Further, what if the nature of the phone use had been presented? For example, here are two phrases that would have eliminated the ambiguity:
- “use their cellphones to text, check email or browse” versus
- “use their cellphone to call someone.”
My guess is that the difference across age groups would have been dramatically reduced.
Here’s the goal of good survey question writing:
Every respondent should have the identical interpretation of a question. If multiple interpretations exist, then you’re asking different questions of different people and the findings can’t be interpreted.
That defines question validity. Now the truth is that achieving 100% validity is near impossible. Someone for some reason will have some bizarre interpretation of even the most clearly written question. But this measurement error should be a 1% problem, not a 10% or 20% problem.
3) Test for Ambiguity
I always say in my Survey Design Workshops that the worst survey questionnaires are designed by one person in one day.
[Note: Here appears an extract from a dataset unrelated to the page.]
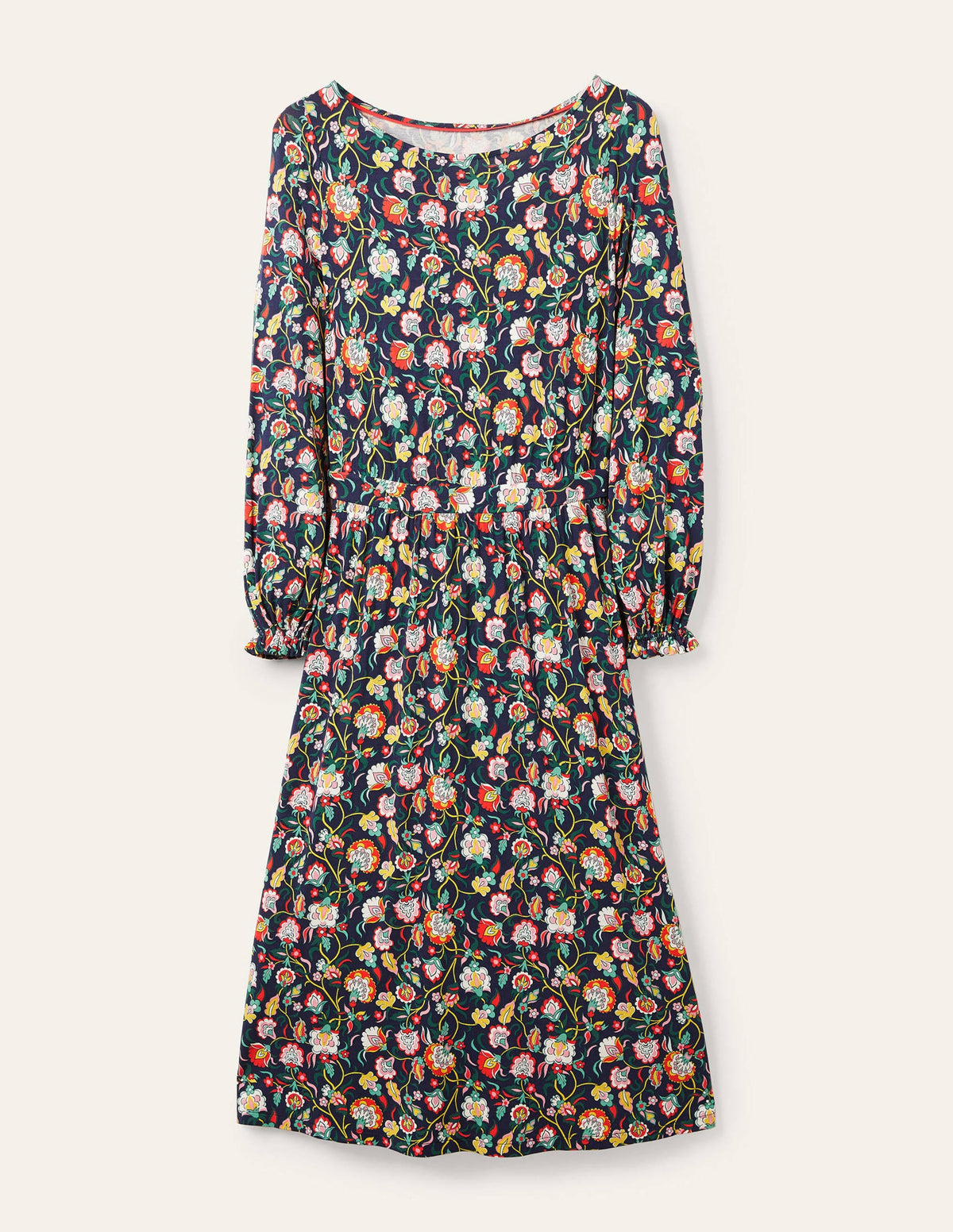 Evelyn Jersey Midi Dress-French Navy, Opulent Floral - Image 5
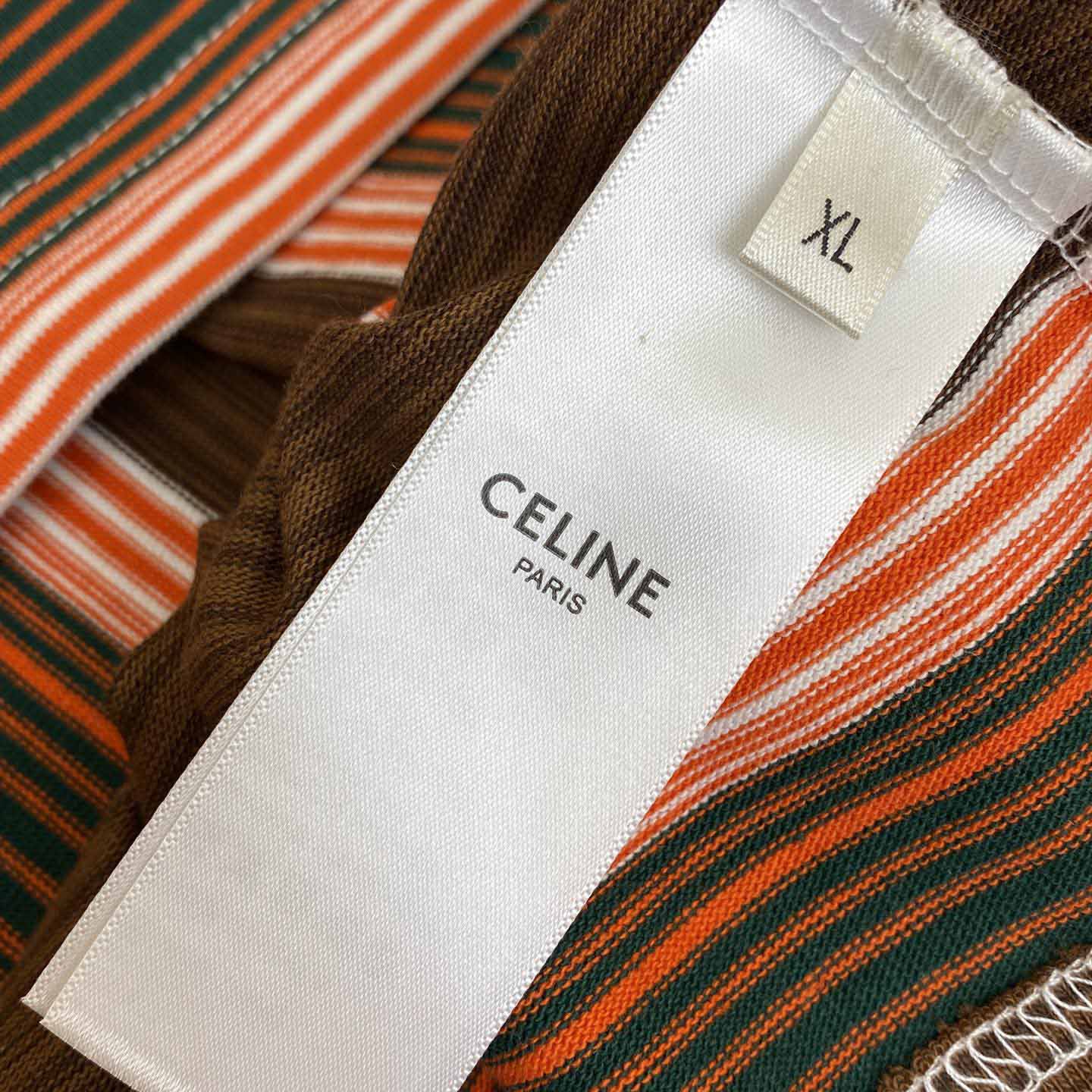 Celine Triomphe Cropped Polo Shirt In Striped Cotton - DesignerGu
I doubt that’s what happened here, but this example shows the need to challenge the phrasing of every question and to get a project team to review the question wording. Ask yourself, “Are there other ways that people could interpret the question?”
This example also highlights the value of pilot testing a survey before going live. A good pilot tester would have asked the test subjects, “Why do you feel it’s not okay for someone to use their phone while in queue.” They likely would have heard that being subjected to other people’s phone conversations in public is rude. Then, the problems with that survey question wording may have become evident.
And could we please stop using the poorly descriptive term “cellphones” or “smartphones”? They’re mobile computing devices.